Shadowing this anxiety towards whistleblowing is the much wider fear surrounding a national decrease in job security. Prioritisation of risk becomes the key influencer, with many choosing that the risk of losing their job in a tough employment climate is more severe than any immediate concerns over health and safety in the workplace. Compounding this fear is the recent introduction of tribunal fees, causing many employees to put up with workplace anxieties because of the high cost of claiming unfair dismissal in the tribunal courts.

Unfortunately, this results in lots of dangers going unreported, and potentially increasing in danger over time and as issues accumulate. Looking at the bigger picture, this evidence lends weight to the general concerns over a deterioration in workplace relations, with a shift from the more traditional collective culture to one of individuals concerned with their own self-interests.

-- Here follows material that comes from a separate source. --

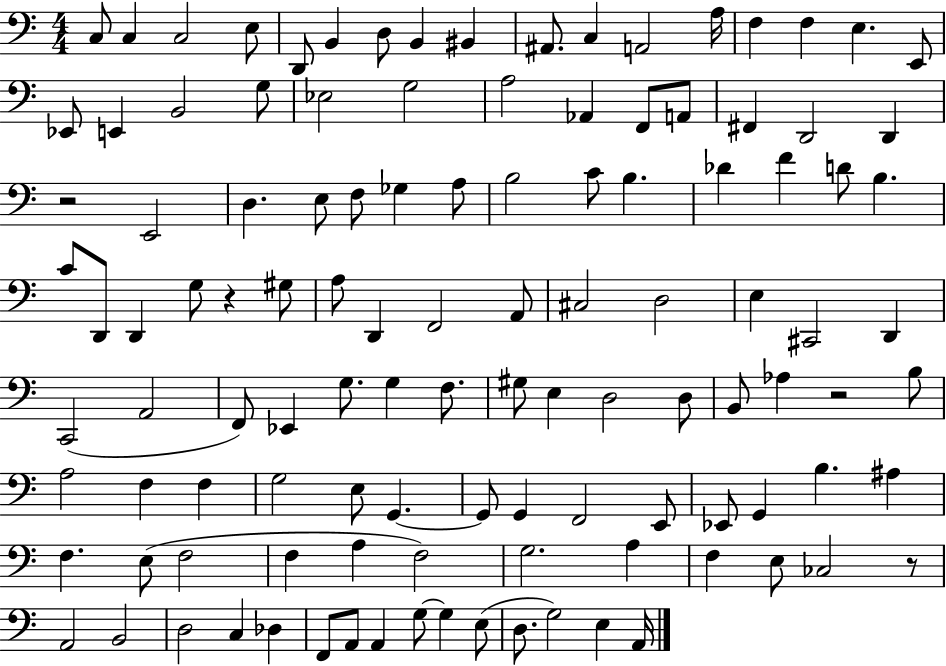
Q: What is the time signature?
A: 4/4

When it comes to whistleblowing, the disconnect between policies and reality is concerning. The majority of companies will be aware that negative treatment of an employee for whistleblowing is classed as discrimination, and that dismissal for reasons of whistleblowing is unlawful in the UK. Any company victimising or disciplining a whistleblower could end up before the tribunal courts and facing substantial fines.

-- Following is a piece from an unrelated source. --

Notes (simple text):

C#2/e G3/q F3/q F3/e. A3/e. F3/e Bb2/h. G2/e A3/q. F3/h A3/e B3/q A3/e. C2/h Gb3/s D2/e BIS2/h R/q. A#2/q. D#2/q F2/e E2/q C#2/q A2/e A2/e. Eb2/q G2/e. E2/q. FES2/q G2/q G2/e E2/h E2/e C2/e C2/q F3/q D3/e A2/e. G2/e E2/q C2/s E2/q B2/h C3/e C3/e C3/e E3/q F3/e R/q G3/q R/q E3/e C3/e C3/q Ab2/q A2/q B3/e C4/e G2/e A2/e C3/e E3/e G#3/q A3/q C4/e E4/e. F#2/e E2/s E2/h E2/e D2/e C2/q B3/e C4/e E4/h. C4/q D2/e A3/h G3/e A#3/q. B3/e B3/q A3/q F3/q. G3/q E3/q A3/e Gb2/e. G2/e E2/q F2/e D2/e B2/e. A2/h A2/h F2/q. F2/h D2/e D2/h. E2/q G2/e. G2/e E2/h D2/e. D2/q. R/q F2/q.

Employers should welcome whistleblowing and look to protect those employees who report a problem. It should be known amongst staff that people can discuss issues without any unfair recrimination, and it is the responsibility of the employer to create this open culture where communications channels are open both ways. Who knows, but perhaps the employee who reported a fire hazard, costing you a few hundred pounds to rectify, has actually saved you thousands – perhaps your livelihood – in the long run!